Pattern recognition as core to AI and intelligence: I've highlighted that pattern recognition is fundamental to intelligence, driving key AI capabilities like learning and reasoning. Many AI applications, from machine learning to natural language processing, depend on recognizing patterns in data. However, while humans excel at this across diverse contexts, AI struggles to generalize beyond specific tasks, underscoring the difficulty of pattern recognition.

Universal pattern recognition is incomputable, but feasible in restricted domains: Though universal pattern recognition is incomputable, it's possible within finite limits. Perfect pattern recognition works when restricted to a finite set of candidate programs. This means that while AI can solve problems within specific, bounded domains (e.g., diagnosing diseases or navigating traffic), building better AIs will forever remain open-ended.

The challenge of inverting computation and the general structure of AI algorithms: The P vs NP problem fundamentally revolves around the difficulty of pattern recognition. In class P, given an input, computing the output is efficient. In class NP, however, the challenge is reversed: you need to find the input (or “program”) that produces a specific output, a task that is much harder.
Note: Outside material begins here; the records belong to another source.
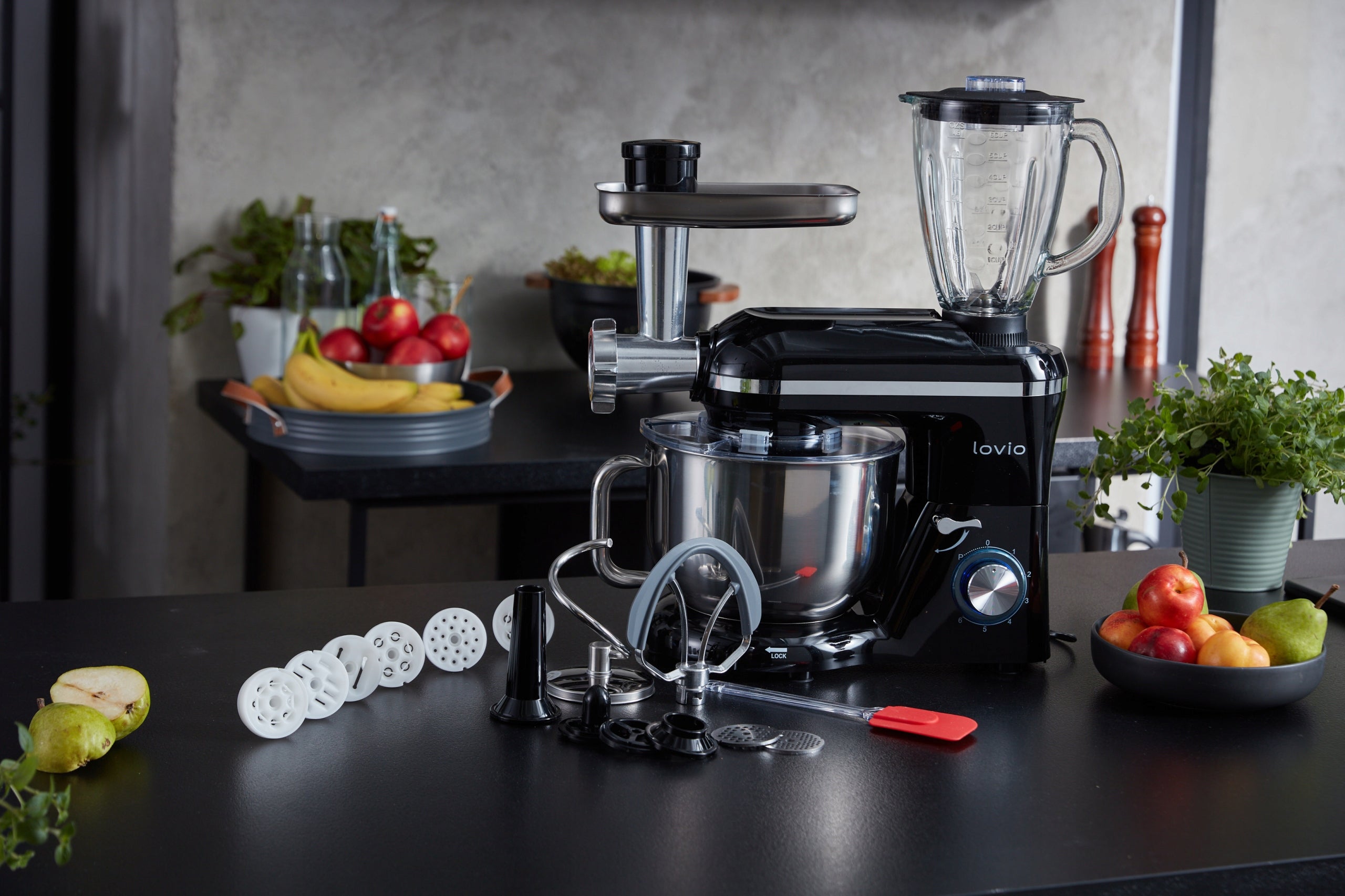 Food processor planetary mixer Lovio ChefAssistant Plus 1900 W bowl 6,2 L Manufacturer code Mikser planetarny Robot kuchenny LVSTM02PBK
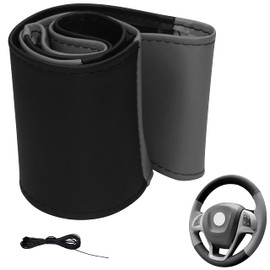 Generisch Steering Wheel Cover 4-Piece Car Steering Wheel Cover for Lacing Sewing M5 Black Grey Universal Size 37-39 cm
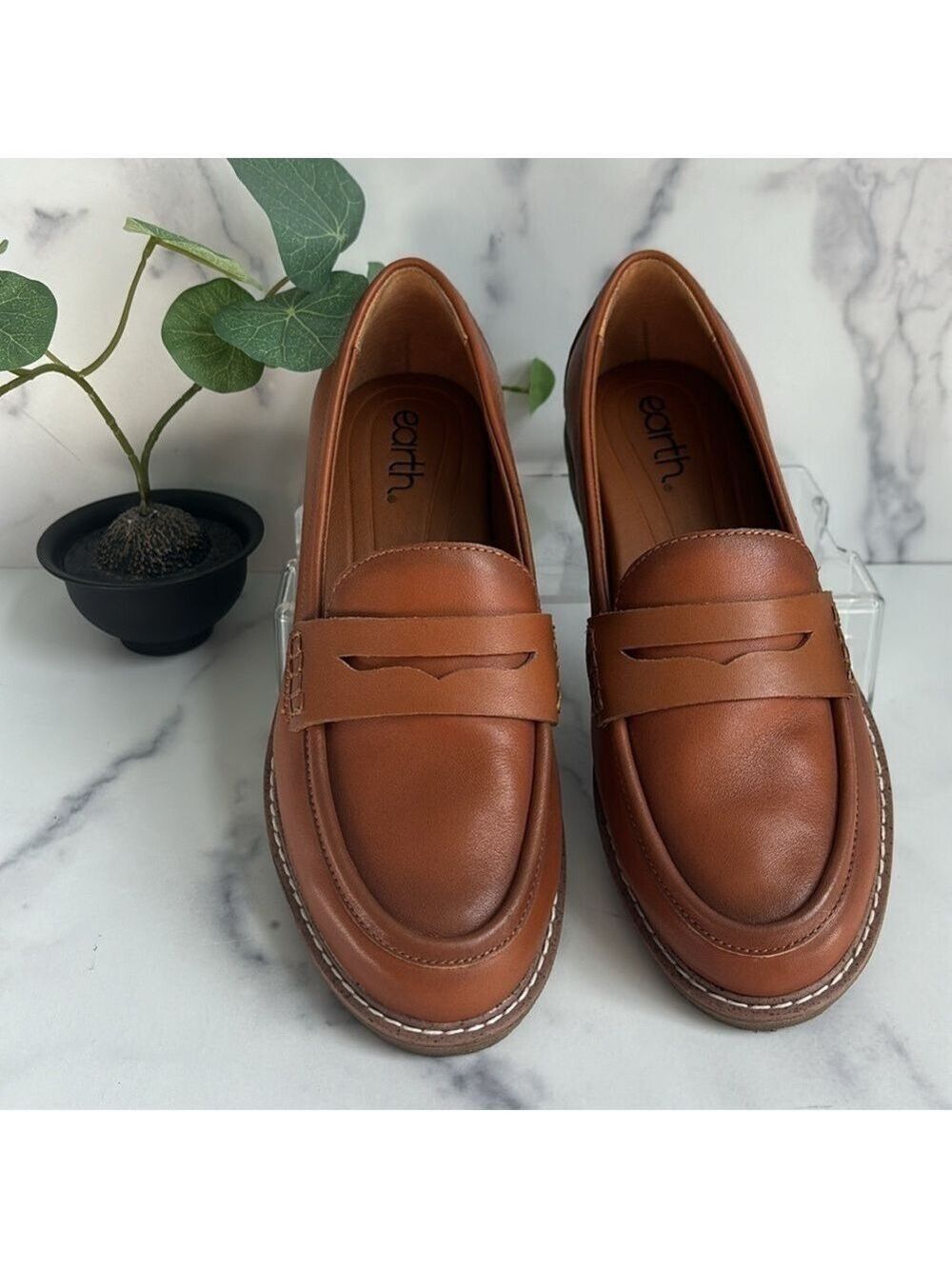 Earth Jarvas Med Brown Round Toe Casual Slip on Penny Loafers Size 7W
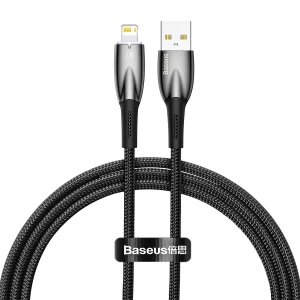 Cablu pentru incarcare si transfer de date Baseus Glimmer, USB/Lightning, 2.4A, 1m, Negru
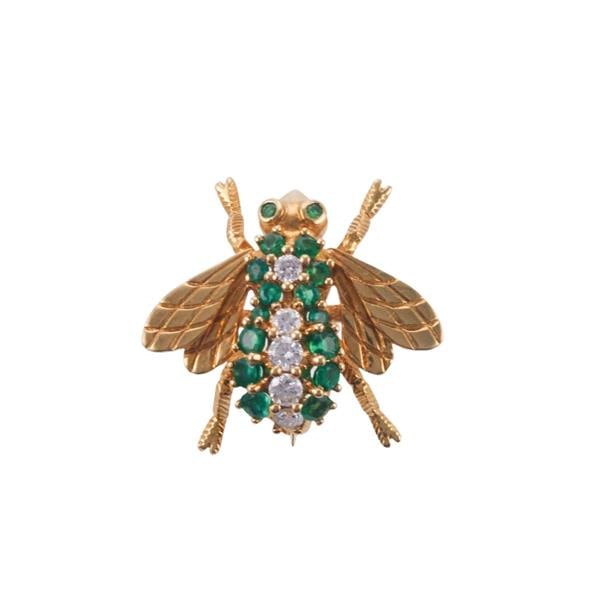 18k Gold Diamond Emerald Bee Insect Brooch Pin (1 of 3)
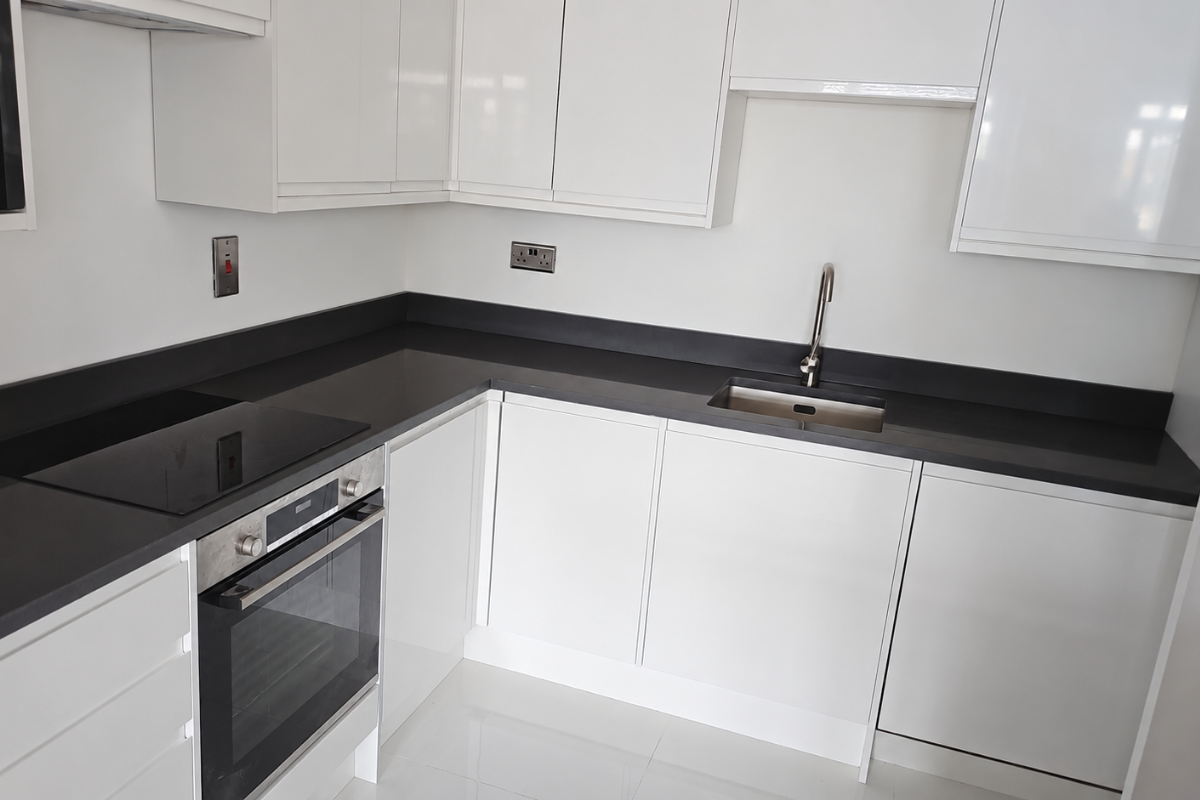 Graphite ice quartz worktop project in London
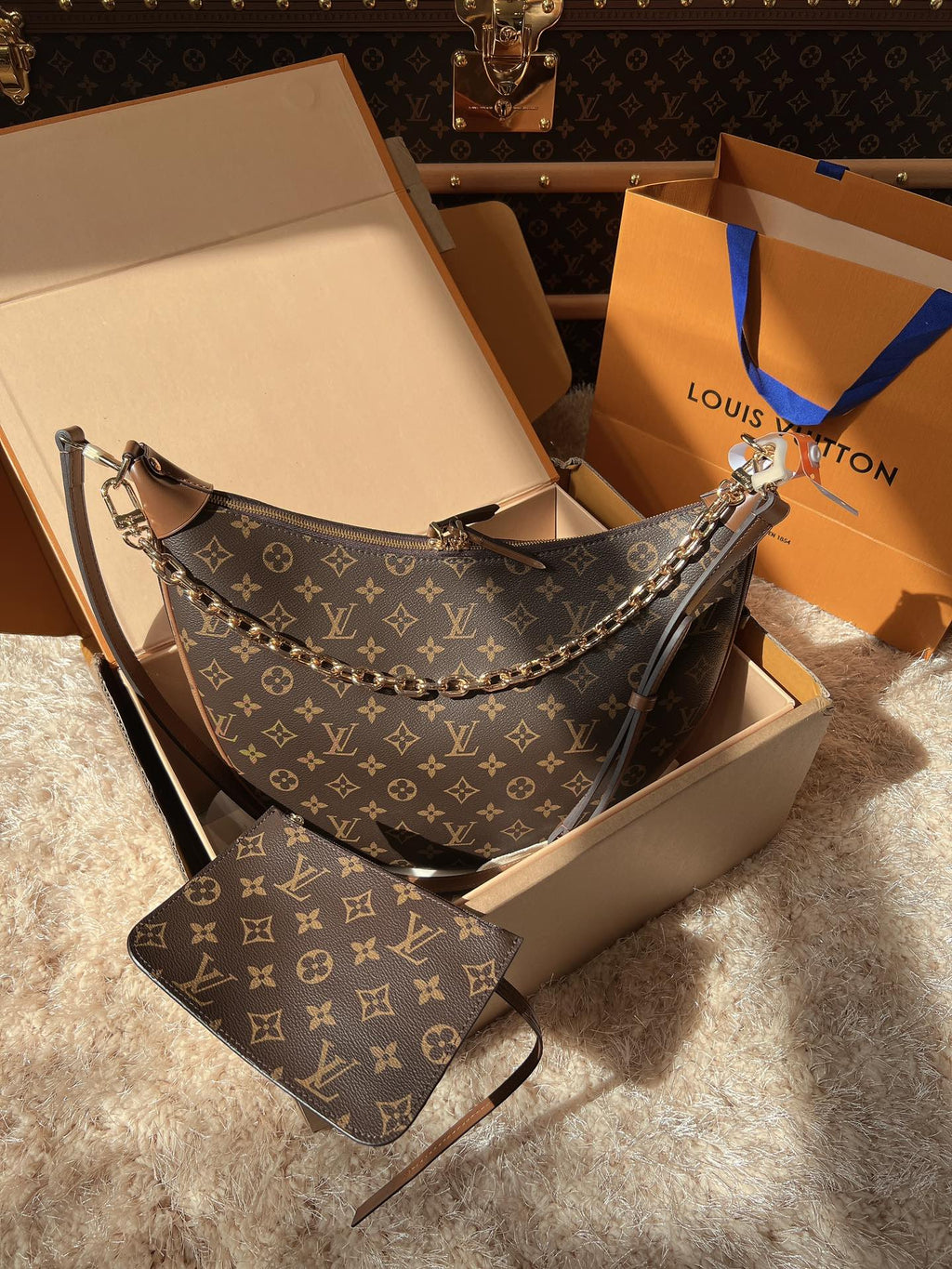 LV Loop Monogram Canvas Hobo Shoulder Crossbody Bag with Chain Detail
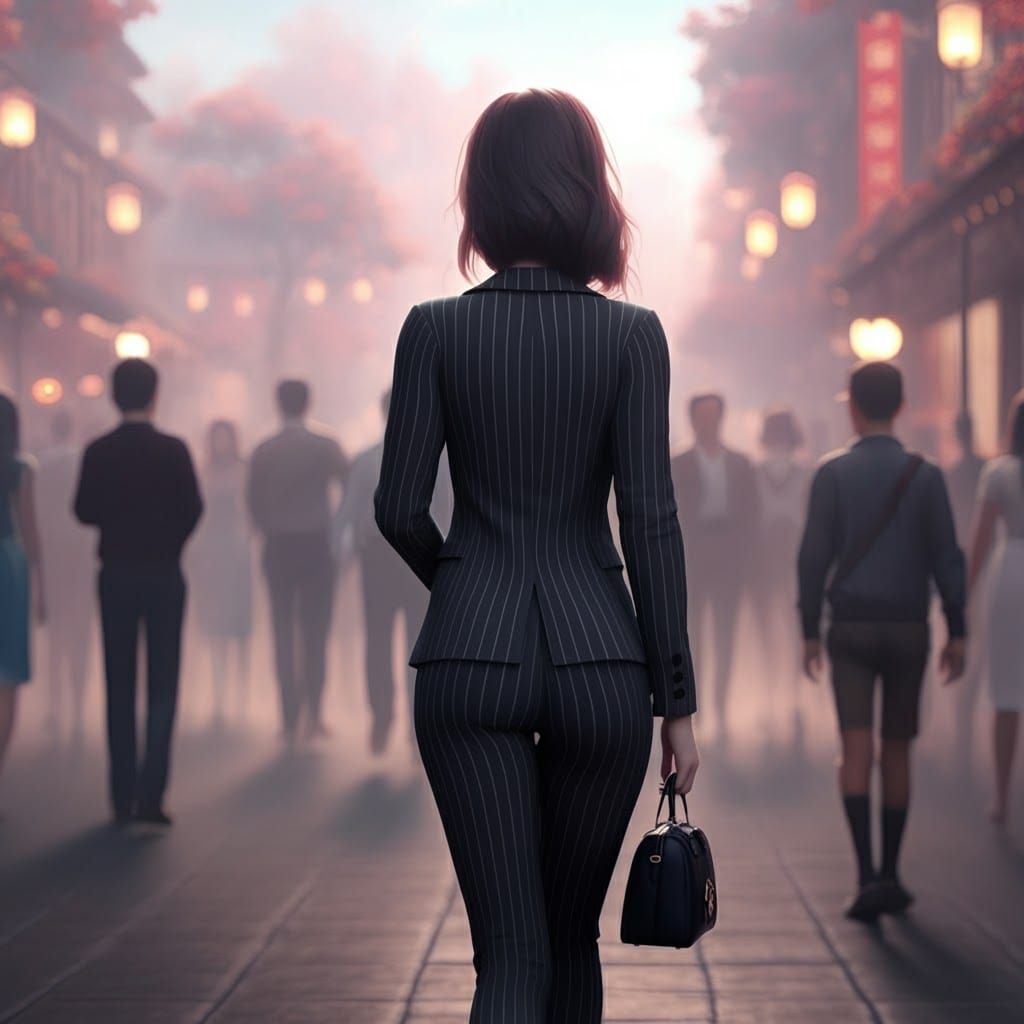 Anime Style Woman in Pinstripe Suit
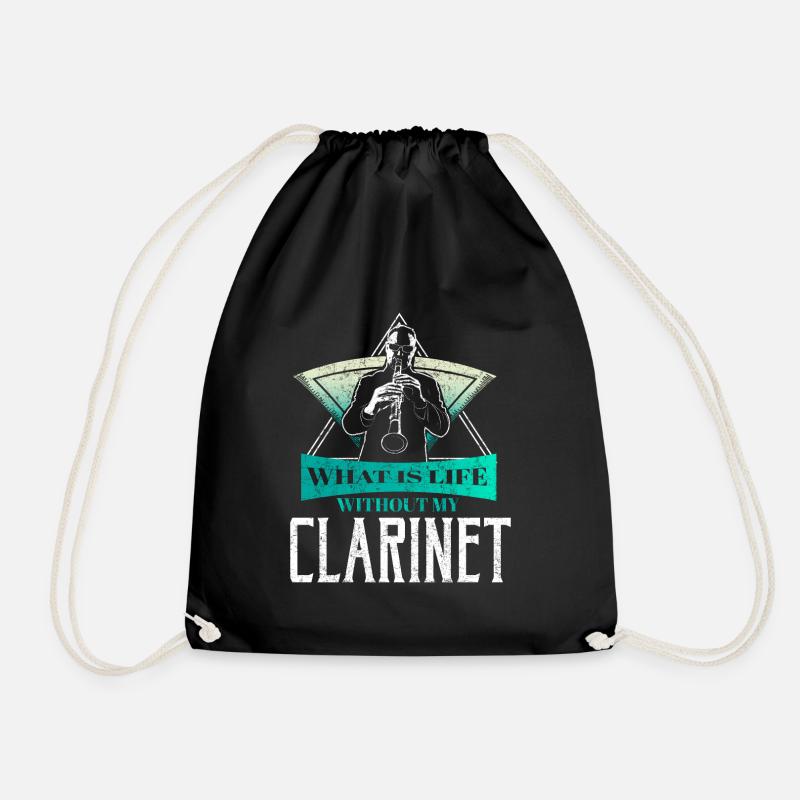 Klarinette Leben Geschenk - Turnbeutel - Schwarz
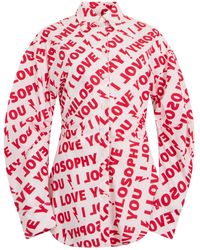 Philosophy Di Lorenzo Serafini - Logo-Print Cotton Shirt - Lyst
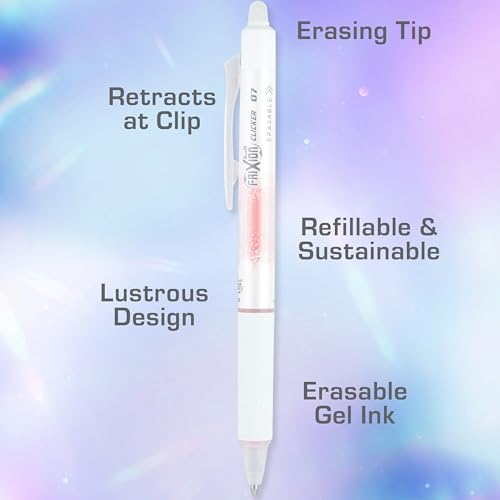 PILOT FriXion Aura Retractable Erasable Gel Pens, Fine Point 0.7 mm, Salmon Ink, Dozen - color: Salmon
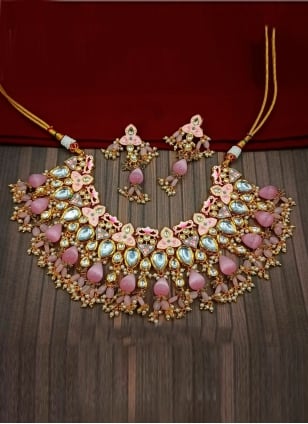 Mesmeric Multi Colour and Pink Ceremonial Necklace Set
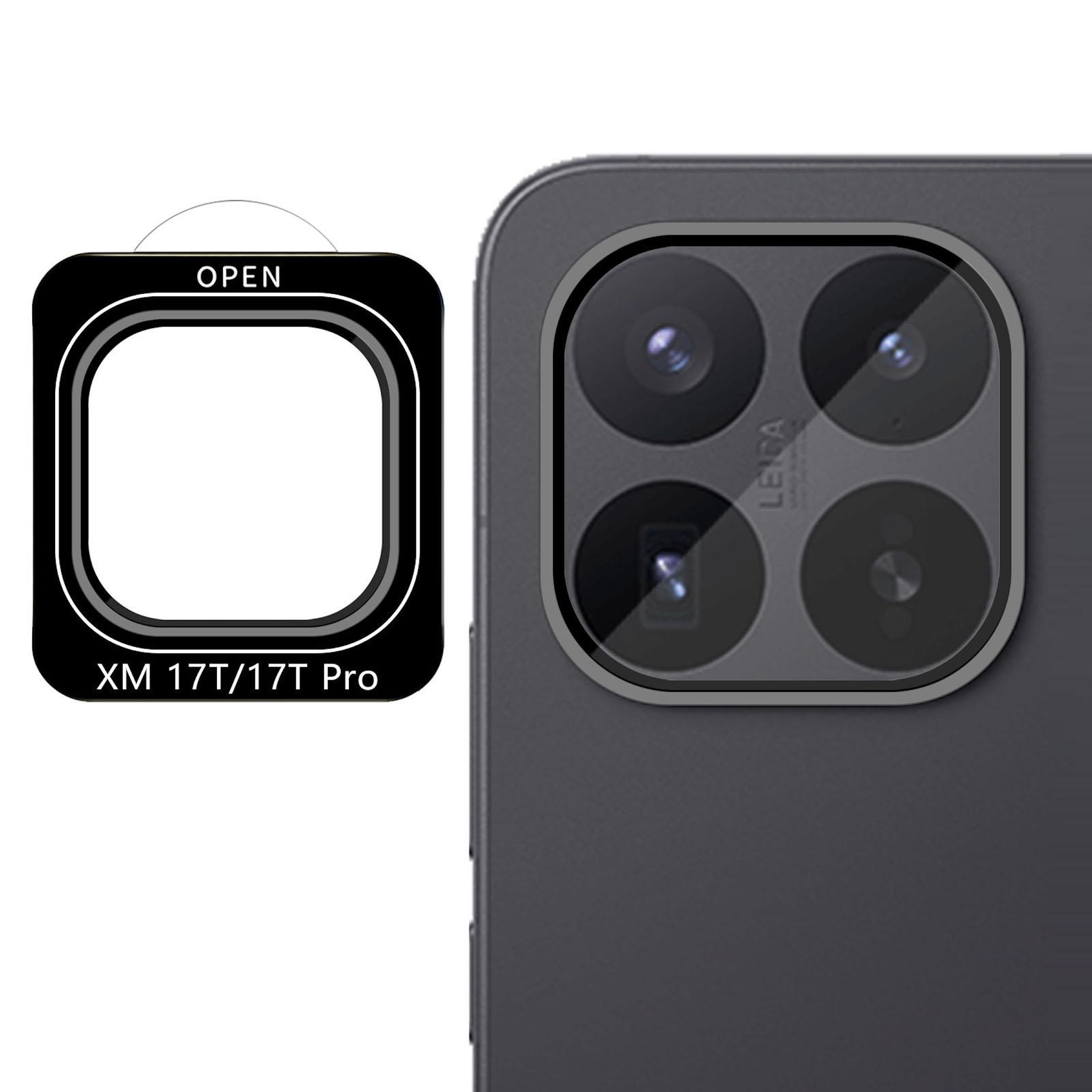 Kamera Schutzglas Linsenschutz f&uuml;r Xiaomi 17T / 17T Pro 9H Glas Komplett Schwarz 
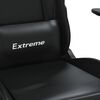 vidaXL Gaming Chair with Footrest Black Faux Leather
This highlights a general framework for pattern recognition algorithms: first, analyze the data, then iteratively hypothesize potential programs, verifying at each step whether a given program generates the observed data.

AI as a core branch of computer science: AI isn't just an engineering branch about practical problem-solving—it's deeply rooted in computer science theory. Concepts like computation, logic, and complexity are essential for understanding and advancing AI, though their importance is often underplayed. Strengthening these links could unlock new AI breakthroughs by helping researchers better understand the limits and possibilities of computation and pattern recognition. AI's future lies in its deep integration with computer science, focusing more on foundational concepts like algorithmic complexity.